EX-10.8 2 prch-20230331xex10d8.htm EX-10.8

Exhibit 10.8

PORCH GROUP, INC.
2020 STOCK INCENTIVE PLAN
Unrestricted Stock Award Notice

[Name of Holder]

You have been awarded shares of unrestricted stock of Porch Group, Inc., a Delaware corporation (the “Company”), pursuant to the terms and conditions of the Porch Group, Inc. 2020 Stock Incentive Plan (the “Plan”) and the Unrestricted Stock Award Agreement (the “Award Agreement”). Copies of the Plan, Award Agreement and are attached hereto. Capitalized terms not defined herein shall have the meanings specified in the Plan, or the Award Agreement.

Unrestricted Stock:

You have been awarded an unrestricted stock award with respect to [____] shares of Common Stock, par value $0.0001 per share, subject to adjustment as provided in Section 5.1(b) of the Award Agreement.

Grant Date:

[____________________, _____]

Vesting Schedule:

The unrestricted shares of Common Stock granted hereunder are fully vested as of the Grant Date.  

PORCH GROUP, INC.

By:​ ​

Name:

Title:


Acknowledgment, Acceptance and Agreement:

By signing below and returning this Award Notice to Porch Group, Inc. or electronically accepting it on the Company’s third-party stock plan administrator’s platform, I hereby acknowledge receipt of the Award Agreement and the Plan, accept the Award granted to me and agree to be bound by the terms and conditions of this Award Notice, the Award Agreement, the Bonus Agreement, and the Plan.

______________________________

Holder

______________________________

Date

Signature Page to Unrestricted Stock Agreement


PORCH GROUP, INC.
2020 STOCK INCENTIVE PLAN
UNRESTRICTED STOCK AWARD AGREEMENT

Porch Group, Inc., a Delaware corporation (the “Company”), hereby grants to the individual (the “Holder”) named in the award notice attached hereto (the “Award Notice”) as of the date set forth in the Award Notice (the “Grant Date”), pursuant to the provisions of the Porch Group, Inc. 2020 Stock Incentive Plan (the “Plan”), an unrestricted stock award (the “Award”) with respect to the number of shares of the Company’s Common Stock, par value $0.0001 per share (“Stock”) set forth in the Award Notice, upon and subject to the restrictions, terms and conditions set forth in the Plan and this agreement (the “Agreement”). Capitalized terms not defined herein shall have the meanings specified in the Plan.

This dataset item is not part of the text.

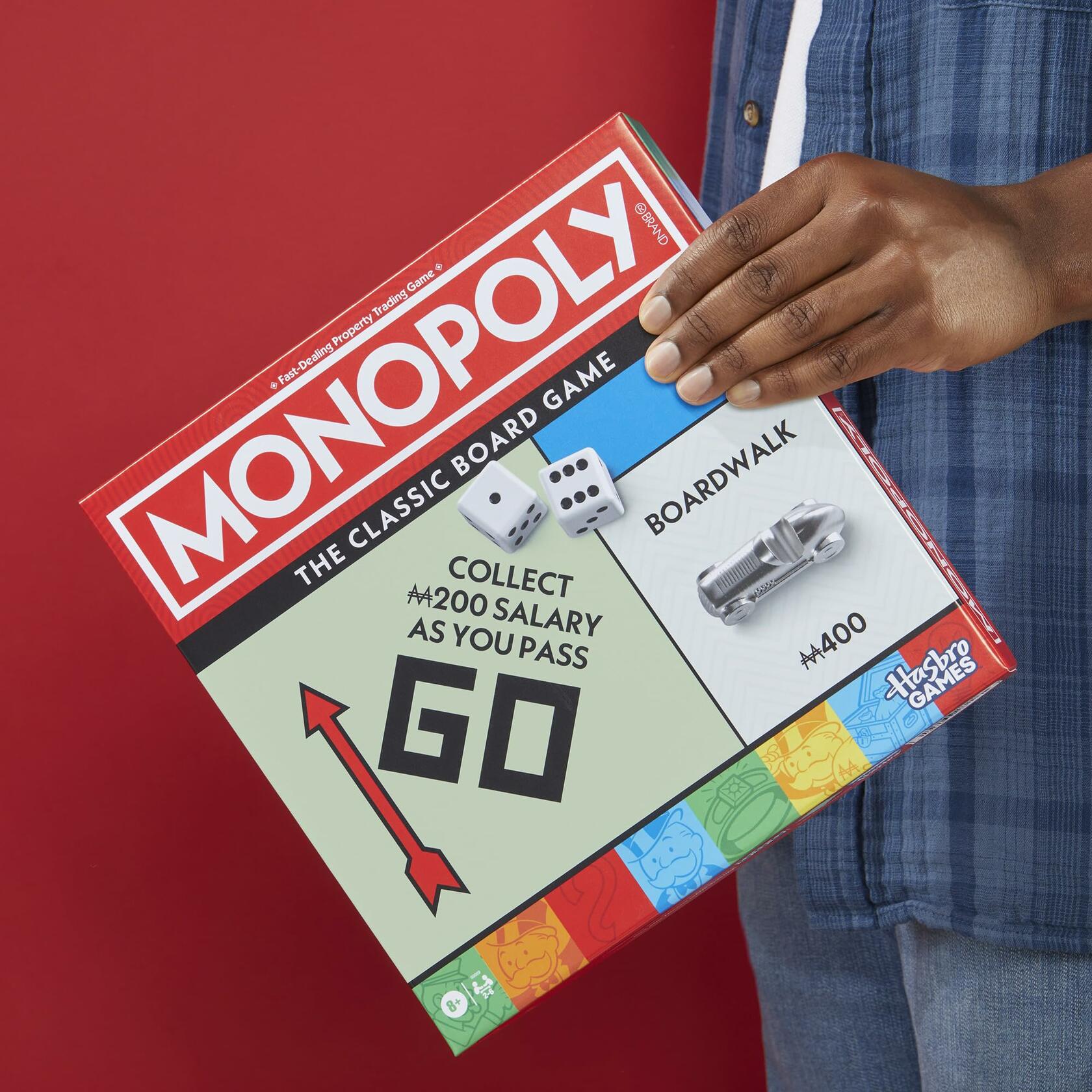 Monopoly - The Classic Board Game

1.Award Subject to Acceptance of Agreement.  The Award shall be null and void unless the Holder (a) accepts this Agreement by executing the Award Notice in the space provided therefor and returning an original execution copy of the Award Notice to the Company (or electronically accepts this Agreement within the Holder’s stock plan account with the Company’s stock plan administrator according to the procedures then in effect) and (b) agrees to abide by all administrative procedures established by the Company or its stock plan administrator.  As soon as practicable after the Holder has executed such documents and returned them to the Company, the Company shall cause to be issued in the Holder’s name the total number of shares of Stock subject to the Award.
2.Rights as a Stockholder.  The Holder shall have all rights as a holder of the Stock subject to the Award, including, without limitation, the right to vote those shares and the right to receive dividends thereon (as, and when declared by the Board of Directors) and other distributions thereon, and the right to participate in any capital adjustment applicable to all holders of Stock.
3.Delivery of Shares.  The issuance or delivery of the shares of Stock subject to the Award shall, subject to Section 5.1 hereof, be in the name of the Holder and evidenced by the appropriate entry on the books of the Company or of a duly authorized transfer agent of the Company.
4.Investment Representation.
4.1Investment Representation.  The Holder hereby represents and covenants that (a) any share of Stock acquired will be acquired for investment and not with a view to the distribution thereof within the meaning of the Securities Act of 1933, as amended (the “Securities Act”), unless such acquisition has been registered under the Securities Act and any applicable state securities laws; (b) any subsequent sale of any such shares shall be made either pursuant to an effective registration statement under the Securities Act and any applicable state securities laws, or pursuant to an exemption from registration under the Securities Act and such state securities laws; and (c) if requested by the Company, the Holder shall submit a written statement, in form satisfactory to the Company, to the effect that such representation (x) is true and correct as of the date hereof or (y) is true and correct as of the date of any sale of any such share, as applicable. As a further condition precedent to the delivery to the Holder of any shares of Stock subject to the Award, the Holder shall comply with all regulations and requirements of any regulatory authority

having control of or supervision over the issuance or delivery of the shares and, in connection therewith, shall execute any documents which the Board shall in its sole discretion deem necessary or advisable.
4.2Transferability.  The shares of Stock will be free from any restrictions of transferability.
5.Additional Terms and Conditions of Award.
5.1Withholding Taxes.

i) As a condition precedent to the delivery of the Stock, the Holder shall pay to the Company such amount as the Company may be required, under all applicable federal, state, local or other laws or regulations, to withhold and pay over as income or other withholding taxes (the “Required Tax Payments”) with respect to the Award.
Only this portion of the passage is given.